Experten: Bürger müssen bei Unwettern aufmerksamer sein
KÖLN Mehr als 180 Menschen haben im Juli bei der Flutkatastrophe ihr Leben verloren. Beim „Axa-ScienceTalk“diskutierten in Köln Experten zum Thema Extremwetter. Wir haben die wichtigsten Punkte zusammengefasst.

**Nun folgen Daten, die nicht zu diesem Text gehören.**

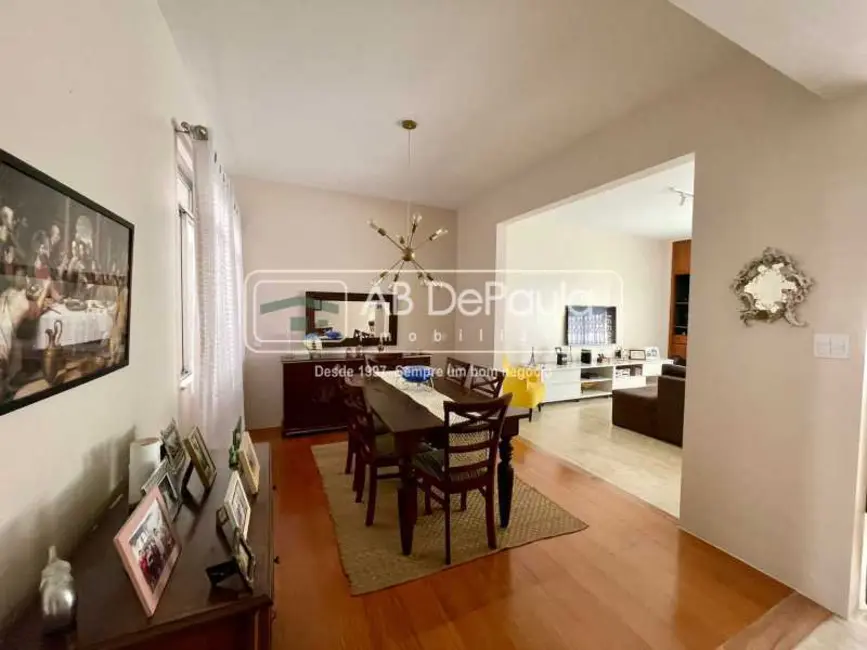 Foto 3 de Casa com 6 quartos à venda, 412m2 em Rio De Janeiro - RJ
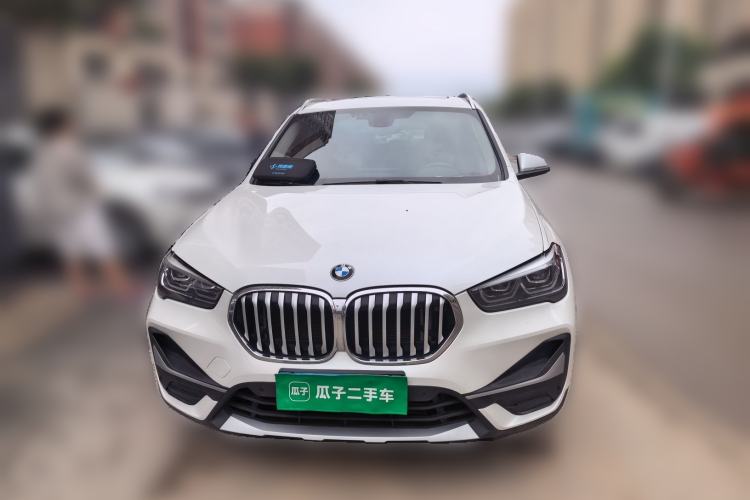BMW X1 2021 — фото 2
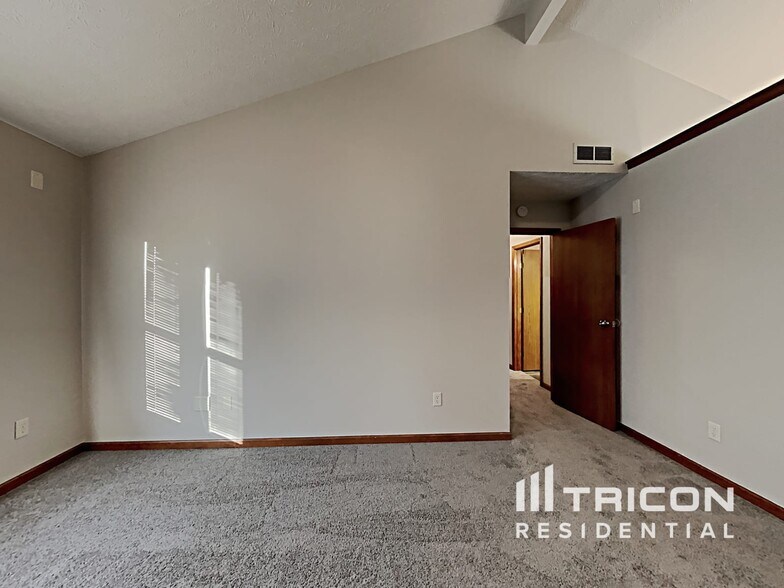 Building Photo - 5551 Vicksburg Dr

War die Flutkatastrophe eine Ausnahme?
Diplom-Meteorologe Sven Plöger sagt: „Auf den ersten Blick war es ein Tief, das unglaubliche Wassermassen mit sich gebracht hat.“Doch im Kontext betrachtet sei eingetroffen, was die Klimaforschung schon vor 30 bis 40 Jahren ziemlich präzise vorausgesagt habe: „Dass wir mit mehr Unwettern rechnen müssen – mehr Starkregen, mehr Hagelgewitter, mehr Überflutungen, mehr Trockenheit und Hitze“, wie Plöger sagt. Experten konnten ausrechnen, dass ein Extremwetter-Ereignis durch den Klimawandel um mindestens 20 Prozent wahrscheinlicher geworden ist. Joaquim Pinto erforscht am Karlsruher Institut für Technologie regionale Klima- und Wettergefahren. Der Wissenschaftler sagt: „Je wärmer die Atmosphäre, desto stärker die Niederschläge.“In den meisten Fällen habe der Klimawandel also Einfluss auf Extremwetterereignisse.

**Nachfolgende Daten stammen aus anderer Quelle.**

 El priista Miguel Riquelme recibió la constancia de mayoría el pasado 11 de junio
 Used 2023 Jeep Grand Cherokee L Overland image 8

Können wir die Menschen besser warnen?
Plöger und Pinto weisen auf die Ungenauigkeiten hin, die es bei Wettervorhersagen gibt. So sei zwar schon drei Tage vor der Flut klar gewesen, dass bis zu 200 Liter Regen pro Quadratmeter herunterkommen würden – eine exakte Lokalisierung
sei aber unmöglich gewesen. Die Vorhersage-Modelle müssten deshalb weiter verfeinert werden. „Man muss den Datenumfang verbessern, um auch sehr außergewöhnliche Ereignisse, die vielleicht nur alle 200 Jahre geschehen, modellieren zu können“, sagt Pinto. Laut Plöger müssten zudem die behördlichen Warnungen kurzfristig schneller werden. Langfristig müsse man prüfen, wo und wie man Häuser baut und diese versichert. Nach Angaben von Christina Feldges von der Axa-Versicherung wurden nach der Flut 400.000 neue Elementarversicherungen abgeschlossen. „Das ist aber noch zu wenig“, sagt sie. „Die Menschen haben noch nicht so präsent, welche Gefahren von Starkregen ausgehen können.“
Was kann jeder Einzelne tun, um sich besser vorzubereiten?

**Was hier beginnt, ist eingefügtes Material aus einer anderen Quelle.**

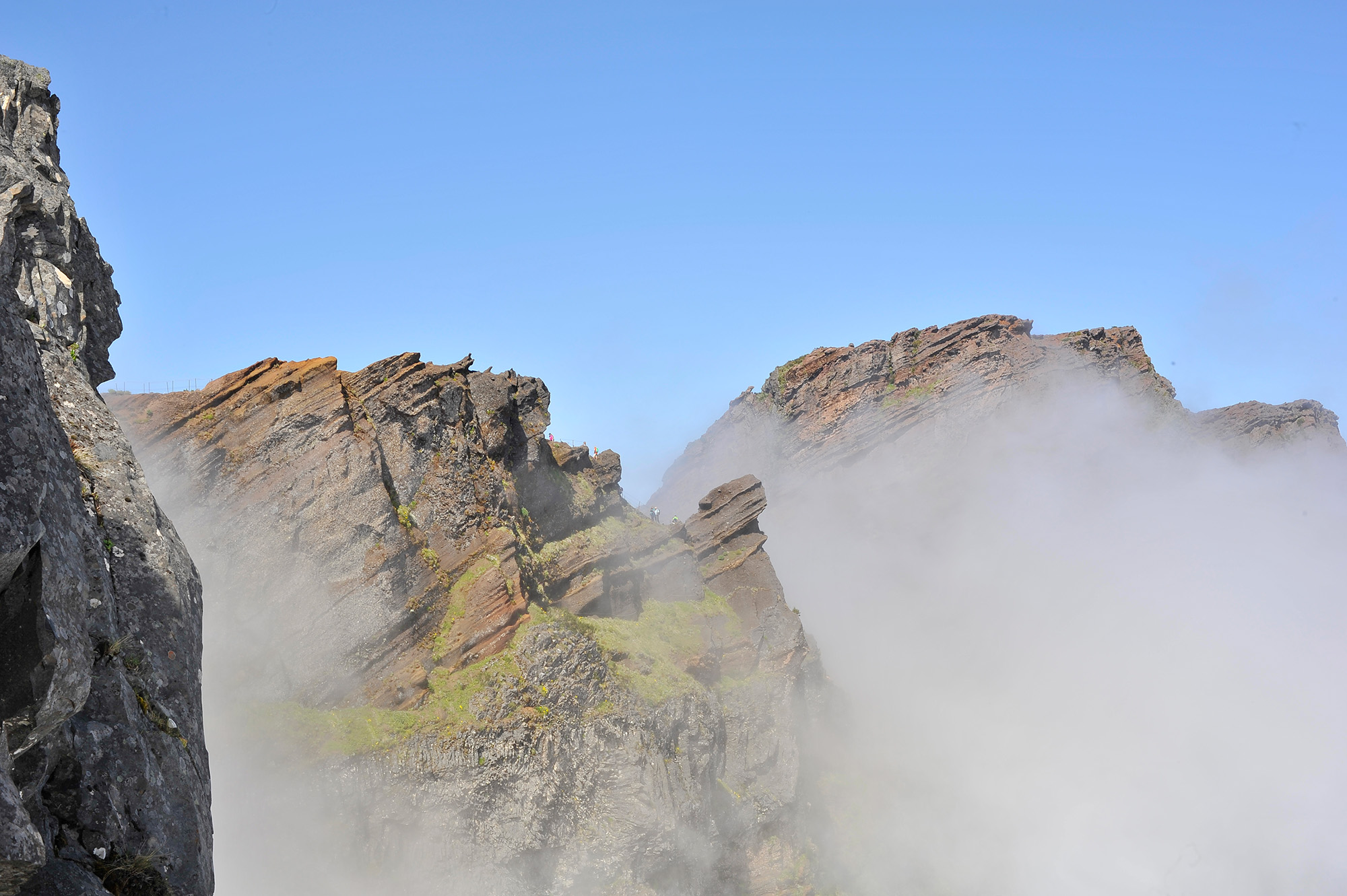 Вкусная Барселона, ароматная Португалия и сказочный остров Мадейра. (24/82)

Die Experten sind sich einig, dass schon in den Schulen mehr Wert auf Prävention gelegt werden muss. „In Japan weiß jedes Kind, was es bei einem Erdbeben tun muss“, sagt Pinto. Plöger ergänzt: „In Deutschland sind wir Sicherheit gewöhnt.“Aber diese Sicherheit ende nun ein Stück weit. „Wir müssen aufmerksamer sein, wenn ein Unwetter naht, Wetterberichte verfolgen, eine Warn-App nutzen.“Prävention heiße auch: damit rechnen, dass etwas passieren kann. „Also nichts Wichtiges im Keller aufbewahren und nicht in den Keller laufen, wenn das Wasser kommt.“Das hätten viele Menschen im Sommer getan. „Aber wenn Wasser von außen gegen eine Tür drückt, kriegt kein Mensch diese Tür mehr auf“, warnt Plöger.